The above plots show the distributions of loan amount, interest rate and profit frequency. The majority of loans amount to 5.000 - 15.000$ each. Interest rates are mostly distributed between 0.10 - .20 %. The distribution of profit rates shows that there are only a few loans in the negative range. The profit distribution spikes between 0.00 - 0.25 %.

fig = plt.figure(figsize=(22,6))
sns.kdeplot(loan.loc[loan['profit_rate'] > 0, 'total_rec_prncp'], label = 'profit rate > 0')
sns.kdeplot(loan.loc[loan['profit_rate'] <= 0, 'total_rec_prncp'], label = 'profit rate <= 0');
plt.xlabel('Principal Received',fontsize=15)
plt.ylabel('Density',fontsize=15)
plt.title('Distribution of Principal Received to Date',fontsize=20);

png

The distribution of principal received to date shows that most instances with negative profits appear in the range of 0 - 10,000$, whereas instances with positive profits are more widely distributed. Next, we will see if there are any borrowers who have taken more than one loan to see if their member ID could be an indicator of the profit rate.

loan['member_id'].value_counts().head()

5246974    1
1821228    1
1444503    1
922260     1
2417894    1
Name: member_id, dtype: int64

There are no members who have taken more than one loan. Consequently, the member id does not indicate whether the borrower is likely to pay back their loan. Hence, the column does not need to be considered for predictions.

profit_by_purpose = pd.DataFrame(loan[loan['profit_rate']>0].groupby('purpose')['profit_rate'].count().sort_values())
profit_by_purpose["profit_neg"] = pd.DataFrame(loan[loan['profit_rate']<=0].groupby('purpose')['profit_rate'].count().sort_values())["profit_rate"]

fig, ax = plt.subplots(figsize=(14, 10))
profit_by_purpose.plot(kind="bar", ax=ax)
plt.ylabel('Number of loans',fontsize=15)
plt.xlabel('Purpose',fontsize=15)
plt.title('Number of loans by purpose', fontsize=20);
L=plt.legend()
L.get_texts()[0].set_text('positive profit')
L.get_texts()[1].set_text('negative profit')

png

The barplot shows the number of loans issued per purpose category. Most loans are issued for debt consolidation and credit cards - these are also the categories with the highest amount of loans with negative profit. There is no category where the amount of loans with negative profits exceeds loans with positive profits. However, there certainly are categories where the share of negative profits is very small, such as house, car or wedding.

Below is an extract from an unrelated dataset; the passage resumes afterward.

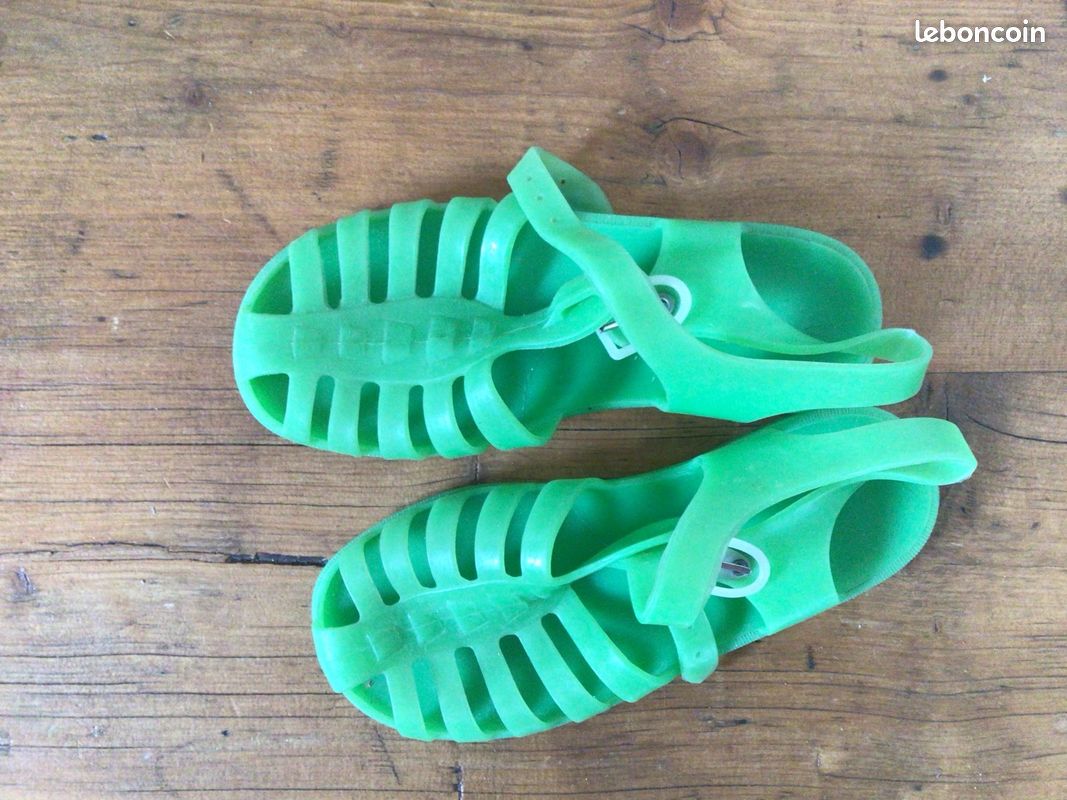 Sandales T31 (image 2)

Returning back to data preprocessing, we applied a feature selection by temporarily recasting the regression problem as a binary decision problem between positive and negative profit rates. Then we calculated Information Value for all columns. Nevertheless, there were many columns in our dataset that can be influenced by the target variable. Therefore, we selected only the useful, but not too predictive variables.

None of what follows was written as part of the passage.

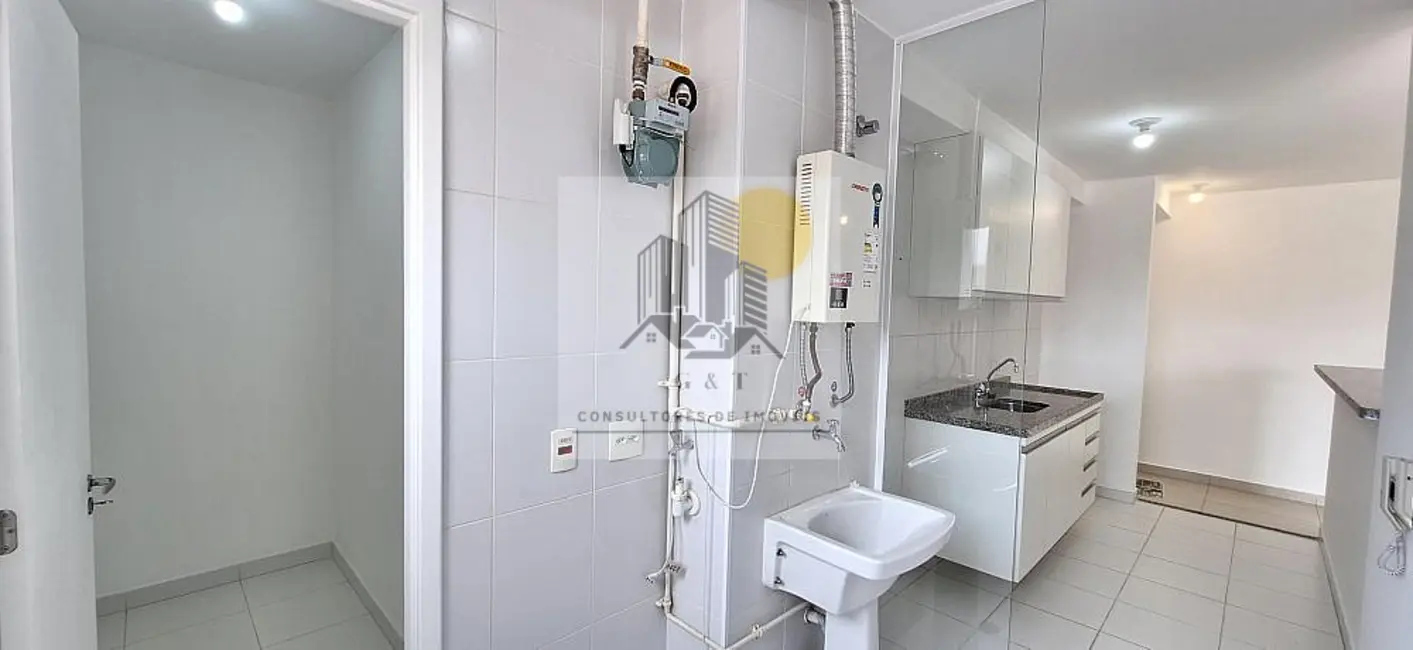 Foto 6 de Apartamento com 4 quartos para alugar, 98m2 em Butantã, São Paulo - SP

features = loan[['annual_inc','int_rate','purpose','dti','term','grade']]
features = pd.get_dummies(features)
target = loan[['profit_rate']]

In order to obtain comparable and reliable results, we have sampled 100k rows from the remaining dataset and split it into a test set with 33k rows, and a training set with 67k rows. To do this, we use the train_test_split() function by sklearn. Furthermore, we used the profit rate we have calculated before as our target variable.

import random
random.seed(100)
idx = random.sample(range(features.shape[0]), 100000)
f_sampled = features.iloc[idx,:]
t_sampled = target.iloc[idx]

import warnings
warnings.filterwarnings('ignore')
from sklearn.model_selection import train_test_split
from sklearn import preprocessing
import numpy as np

X_train, X_test, y_train, y_test = train_test_split(f_sampled, t_sampled, test_size=0.33, random_state=42)

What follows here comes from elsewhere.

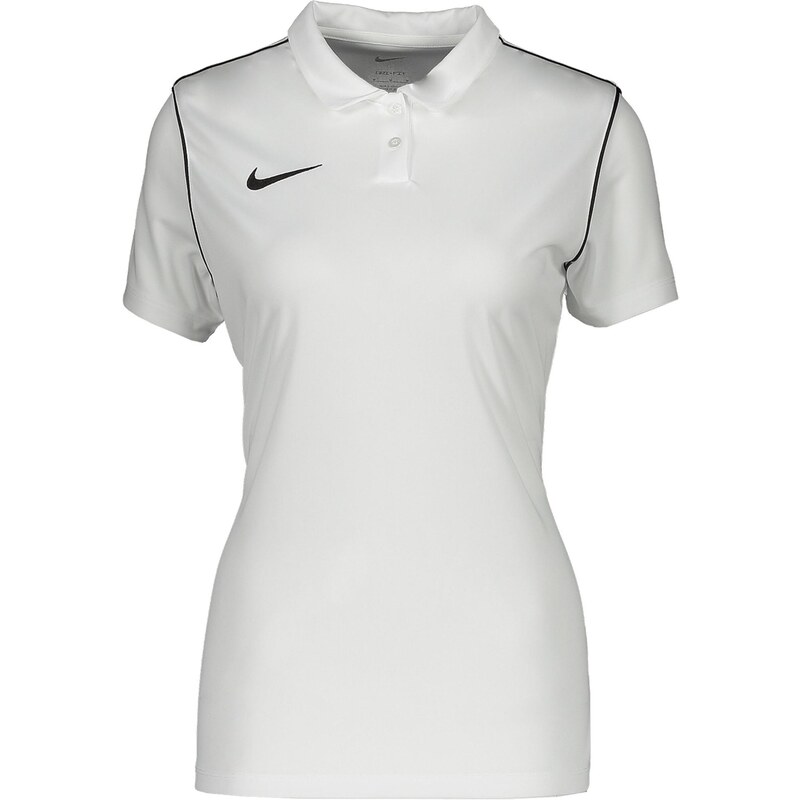 NIKE Funkčné tričko Park 20 čierna / biela 67751648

scaler_trx = preprocessing.StandardScaler().fit(X_train)
X_train = scaler_trx.transform(X_train)

scaler_try = preprocessing.StandardScaler().fit(y_train)
y_train = scaler_try.transform(y_train)

scaler_testx = preprocessing.StandardScaler().fit(X_test)
X_test = scaler_testx.transform(X_test)

scaler_testy = preprocessing.StandardScaler().fit(y_test)
y_test = scaler_testy.transform(y_test)

Model

import pandas as pd
from keras import Model as Model
from keras import Input as Input
from keras.layers import Dropout
from keras.layers import Dense
from keras.regularizers import l2
from sklearn.metrics import mean_squared_error
import numpy as np

Using TensorFlow backend.

The following function defines the architecture of our model. It passes the following four parameters:

n_hidden: a vector containing the number of neurons for each hidden layer
input_dim: the number of input dimensions, which is equal to the number of columns in our training set
dropout_prob: the dropout probability for the dropout layers in the neural network. The value should usually be between 0.05 - 0.5
reg: used for regularization during MC Dropout

Next, we instantiate our model. The dropout technique is usually done only during training, but not during test time. Therefore, the usual Keras Sequential() model automatically switches off the dropout during test time. In order to get around this issue, we build a functional model in Keras. We start with the input layer using the Keras Input() function and pass the input dimensions. Using Dropout(), we apply the dropout technique to our inputs. Lastly, we instatiate a regular densely-connected layer using the Dense() function. Here we pass the dimensionality as an argument using the first value of the n_hidden vector. We use the tanh activation function and pass the regularization function, which will be explained in more detail below. We use a weight regularizer (called W_regularizer), with the l2 weight regularization penalty - this corresponds to the weight decay.

Now, for each hidden layer (using the length of the n_hidden vector), we instantiate the dropout function and a dense layer, as described above. Lastly, we create the output layer in the same way. The dimensionality of our output layer is one, since we only predict one target variable - the profit rate.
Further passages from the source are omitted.